Tens of thousands gathered Saturday on the steps of the Arizona legislature to protest the new "Papers, Please" law.

It's a toughie for him. This is the sort of middle-of-the-night quandary that might bedevil a liberal secular humanist. Or some sort of atheist progressive Democrat. Haney, however, is the elected chair of the Republican Party of Maricopa County, which includes Arizona's capital, the fifth-biggest city in the United States. And whatever one thinks of John McCain, spending a half-hour or so with Haney boldly underlines the challenges the former GOP presidential candidate is facing in his August 24 primary battle against ultraconservative challenger and former Congressman J.D. Hayworth.

McCain hasn't had a serious primary challenger since his maiden Congressional race, in 1982, and he's never had a serious Democratic rival. Even in his earlier, more "maverick" incarnation, being out of sync with the state's hardline GOP activist base, and even much of its midlevel officialdom, carried little liability. McCain was the only game in town.

But not this time around. The volatile and frankly extremist mood of the Arizona Tea Party, the inflammatory immigration issue and the sour disposition of voters in general—all exploited by and embodied in Hayworth—have unexpectedly landed McCain in the fight of his political life. Indeed, he has lurched so aggressively to the right to counter Hayworth and appease voters like Haney that hard-right blogger Michelle Malkin says she has had to take Dramamine to avoid motion sickness watching McCain. Not that his movement has bought him much affection from the frayed right edge of Arizona politics.

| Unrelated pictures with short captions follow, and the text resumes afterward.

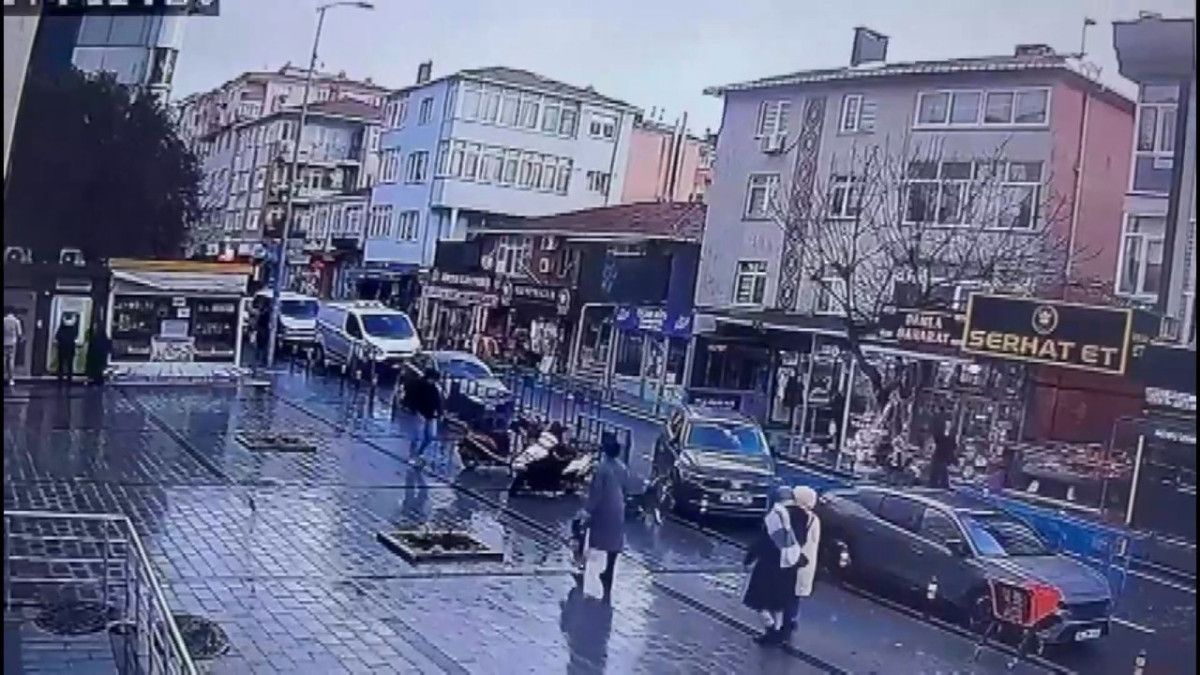 istanbulda motosiklet hirsiz kameraya yakalandi 1 5lkfdneG
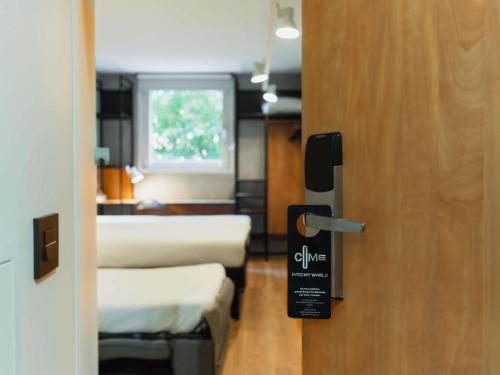 Habitación Doble Estándar con sofá del hotel Ibis Alicante. Foto 10
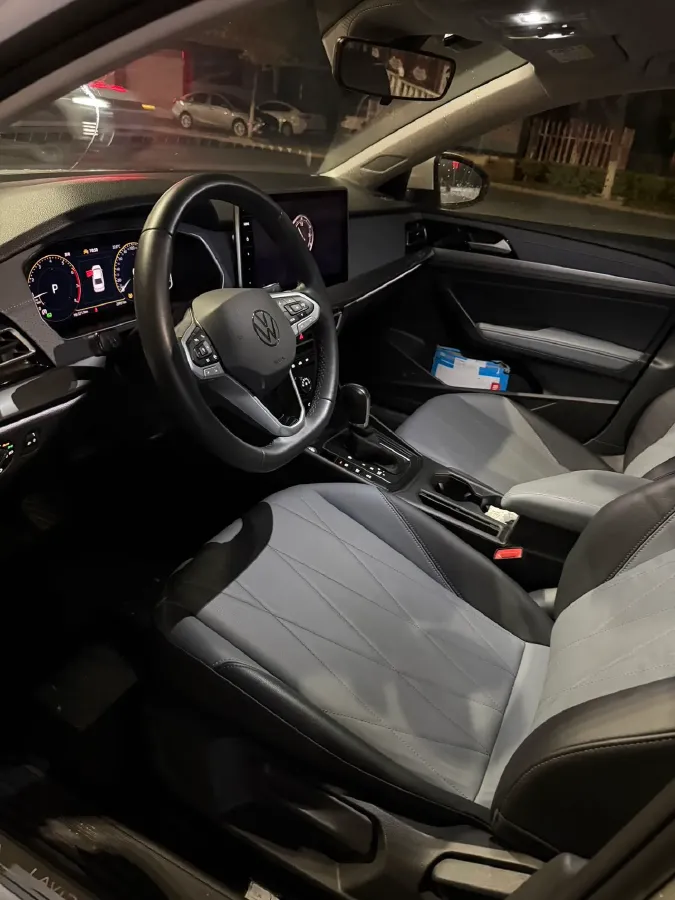 2024 Volkswagen Lavida 1.5L 110HP L4 6AT,autocango,china used car exporter,china ev exporter,chinese used car exporter,chinese used ev exporter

"One night in the '90s I went to Mass and the priest prayed for forgiveness for Bill Clinton," Haney, an ardent Hayworth supporter, says with obvious disgust. "That was it for me. The US Conference of [Catholic] Bishops, we believe, is a socialist organization with a socialist agenda."

"John McCain is right in bed with them," he continues while munching a bagel. "He says, 'Character matters.' Get me a barf bag! John McCain is the spearhead of socialism in America." The proof? Haney's ready with a list of indictments: "Campaign finance reform. McCain took away our freedom of speech. He closed down gun shows with the help of far-left extremist George Soros. He led the closing of Guantánamo. He's supported legislation that allows our country to be invaded by illegals. And those illegals all look to the Democrats because they promise everybody money through the public trough. That leads to a socialist country and destroys capitalism. We're already there. Thank you, Senator McCain."

It's pretty hot on the cafe patio where we've been talking, but this sort of delusional politics has little to do with the latest heat wave. It's been ingrained on the fringes of Arizona Republican politics for the past thirty years. Since the early 1980s, the extreme nativist right has made a concerted effort to capture the machinery of the state's GOP, often putting the party and some of its more temperate elected officials (McCain, Representative Jeff Flake and former Representative Jim Kolbe) in two different worlds. Now that activist fringe is actively trying to ditch McCain.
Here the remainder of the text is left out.